L’arrière-plan géo-philosophique

Une immense plaque tectonique s’est formée après l’effondrement de l’URSS par réaction de survie. Actuellement, l’OCS (Organisation de coopération de Shanghai) vise à assurer la sécurité collective de ses adhérents : la Chine, la Russie (et plusieurs de ses satellites), l’Inde, le Pakistan et l’Iran. Elle représente plus de 50 % de la population mondiale et une puissance économique et militaire presque équivalente. Elle vise à maintenir un équilibre stratégique global favorable à l’expansion de son modèle appelé « solution chinoise ». La « solution chinoise » peut se résumer ainsi : si vous désirez une économie capable de répondre d’abord aux besoins premiers de tout le monde sans empêcher l’enrichissement sélectif de quelques-uns, il faut une planification stratégique à long terme… Pour que cela fonctionne, il faut un gouvernement fort et stable à long terme pour que l’intérêt collectif prime sur le développement personnel. Le bien collectif avant la liberté individuelle. L’État avant la personne.

Michel Casavant

Sur l’autre plaque tectonique, nous retrouvons les démocraties libérales : des pays politiquement démocratiques, mais économiquement « libéraux » (dont l’économie est libre par rapport au pouvoir politique et soumise à la loi du plus de profit possible). La libre concurrence sans planification globale de l’économie. La personne avant l’État. Ce modèle, plutôt « anarchique » du point de vue économique, a toutes les chances du monde d’engendrer la pauvreté extrême des travailleurs non spécialisés et des travailleurs de réserve (chômeurs et exclus de la société).

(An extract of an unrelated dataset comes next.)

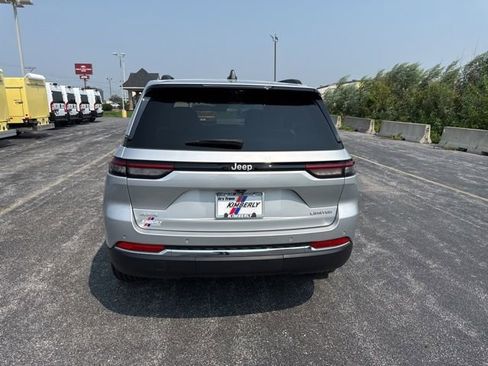 Used 2024 Jeep Grand Cherokee Limited w/ Luxury Tech Group II image 4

Ces deux plaques ont pour base deux visions de l’être humain et de la société. Pour la « solution chinoise », la société est une sorte de totalité et les individus en sont les composantes. Mais cette totalité n’est pas vue comme un corps organique, mais mécanique. On peut donc planifier sur papier la chaîne des besoins et la chaîne des productions pour répondre aux besoins de base de tout le monde. C’est du moins l’idéologie du modèle. Pour les « démocraties libérales », l’État est inquiétant, il risque d’exercer une violence verticale et d’assujettir les individus à une autorité trop puissante. Il vaut mieux l’équilibre des forces horizontales qu’un État fort. La violence horizontale est moins dangereuse que la violence verticale. On croit que l’épanouissement de chacun est la finalité de la société, et on est prêt à accepter les conséquences d’une non-planification globale de l’économie. C’est du moins l’idéologie du modèle.

Dès qu’on regarde l’un et l’autre de ces modèles, on se rend compte de leur inadaptation soit à la nature humaine (qui ne se perçoit pas un moyen, mais une fin), soit à l’organicité des sociétés (qui ne sont pas des mécanismes, mais des organismes). Aucune des deux solutions n’a d’avenir : dans un cas le tout domine les parties, dans l’autre les parties dominent le tout. Ce sont deux modèles sclérosés par des idéologies (idées séparées de leurs conséquences dans le monde réel). Les deux modèles doivent donc évoluer en interconnexion et avec la réalité pour arriver à une solution adaptative et donc viable. On évolue par la confrontation pacifique des différences. C’est pourquoi je pense que la société civile doit se réveiller, cesser d’être passive devant l’oppression « totalitaire » ou « libérale ». Si la société civile ne se réveille pas, ces deux modèles risquent de se fracasser l’un sur l’autre en nous entraînant dans leurs pertes. Leur dynamique doit passer de la guerre militaire à la compétition adaptative comme dans le monde écologique. Ce sera la première étape. L’étape suivante sera d’apprendre l’un de l’autre. Dans le prochain bloque : Où se situe le Canada par rapport à l’enjeu de l’Ukraine et que peut-il faire?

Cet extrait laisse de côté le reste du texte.